Did you know that 9 out of 10 businesses in the U.S. will face a lawsuit at least once?
When you start a business, the last thing on your mind is spending time in court defending your business or even suing another party. Unfortunately, commercial litigation is inevitable.
In the course of running a business, several legal issues will arise, and some of them will end up in a court of law.
Although there are instances where you don't need any professional legal help, there are others where hiring a commercial litigation attorney can be what makes all the difference.
Keep reading this article and you'll know exactly when you shouldn't wait to contact an attorney.
1. Partnership Disputes
If you've partnered up with one or more people or organizations to establish a business, you're at risk of a partnership dispute that could escalate to a lawsuit.

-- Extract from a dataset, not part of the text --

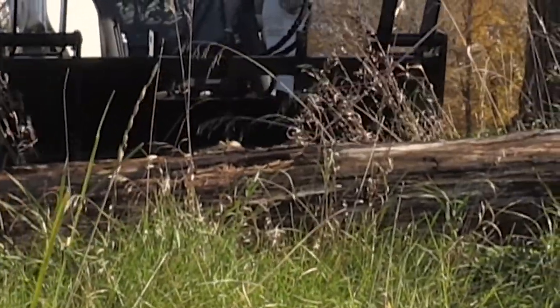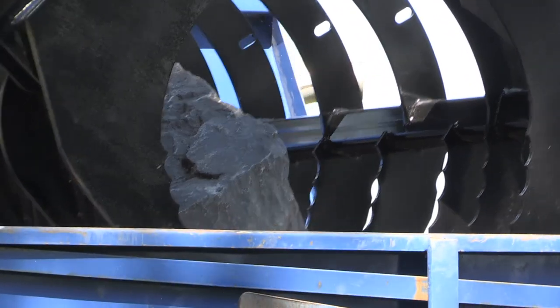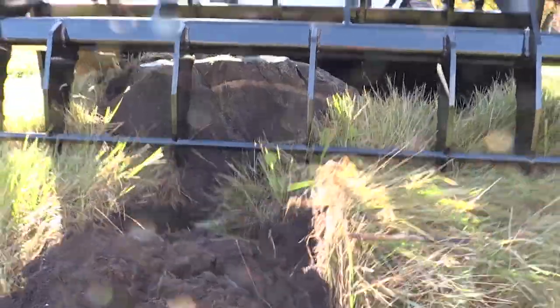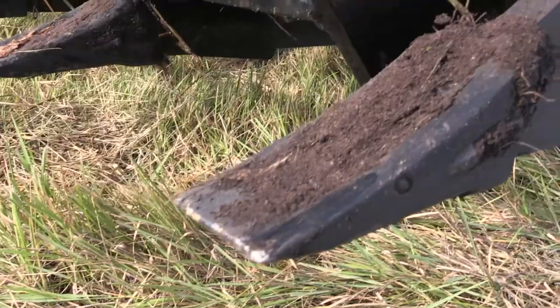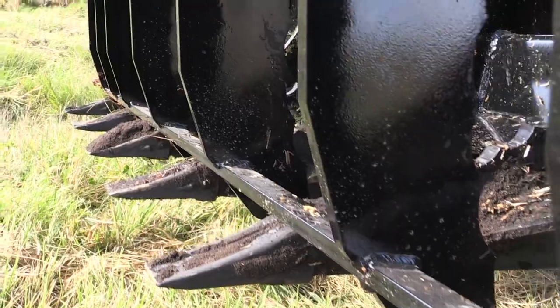With a 48-inch opening and serrated tines, you can grab just about anything. And two 3,000-pound cylinders assures you nothing will slip from its grasp. The replaceable bottom teeth are heat-treated and excellent for digging.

Although you have signed partnership agreements fleshing out the responsibilities of all partners, one or more parties may feel aggrieved and raise a dispute.
For example, if a partner isn't fulfilling their obligations according to the agreement, the other has the right to complain. Partnership disputes can be resolved quickly and amicably without involving any legal processes. However, sometimes a partner can go straight to court and sue.

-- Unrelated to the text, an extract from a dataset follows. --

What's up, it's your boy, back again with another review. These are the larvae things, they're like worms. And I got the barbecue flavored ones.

If that's the situation you're in, get a business litigation attorney immediately and ensure they have plenty of experience dealing with partnership disputes. When a matter gets to court and you're the defendant, you have no choice but to mount a legal defense. If you ignore it, a default judgment can be issued against you.
Related to partnership disputes are shareholder disputes. If your business is a corporation, it has a responsibility to its shareholders. If they disagree with how the business is being run, they can seek redress in court.
Whether they're right or not, that's not for you to determine. Hire a commercial litigation attorney and let them defend the company.
2. Intellectual Property Theft
Your business probably owns some intellectual property. These include copyrights, patents, trade secrets, and trademarks. There are laws that give IP holders exclusive ownership and use of their intellectual property.
This, though, doesn't necessarily stop unscrupulous people from stealing your intellectual property and using it for their own commercial gain. For example, another company can start manufacturing and selling a competing product that infringes on your patent.
In this instance, you need to hire a business litigation attorney who specializes in IP law. They'll likely start by sending a patent infringement letter to the company or go ahead and sue if the infringement is severe. In court, your attorney will prove how your patent has been infringed, and pursue the case until you're compensated fairly.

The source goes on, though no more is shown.